→ **Task details**
Give the lines again exactly as they appear below, from the line with "Lever Lock Italian" to the line with "Collar Nomad Tales", both included, and only those lines. Leave every picture out.

--- Records for the task ---

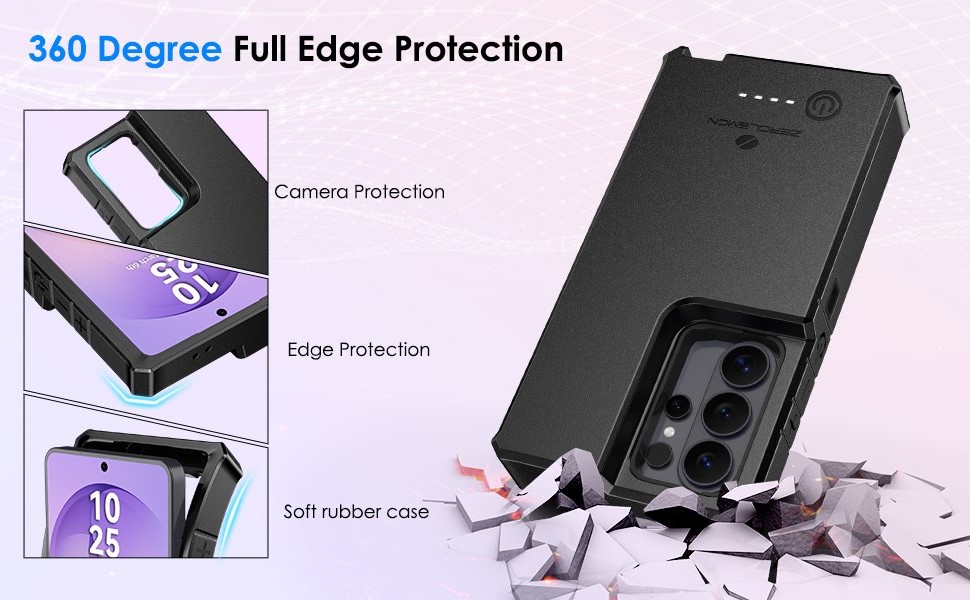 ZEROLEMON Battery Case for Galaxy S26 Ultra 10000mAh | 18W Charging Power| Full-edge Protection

---
--- Records for the task ---

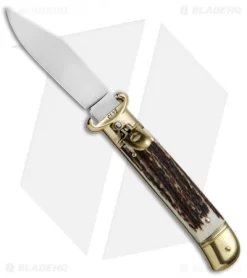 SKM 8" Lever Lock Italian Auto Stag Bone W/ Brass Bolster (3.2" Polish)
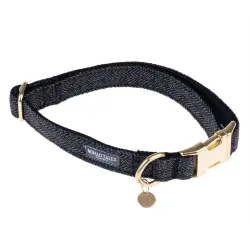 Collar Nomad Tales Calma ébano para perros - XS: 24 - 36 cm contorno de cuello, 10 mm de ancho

---

→ **Written answer**
 SKM 8" Lever Lock Italian Auto Stag Bone W/ Brass Bolster (3.2" Polish)
 Collar Nomad Tales Calma ébano para perros - XS: 24 - 36 cm contorno de cuello, 10 mm de ancho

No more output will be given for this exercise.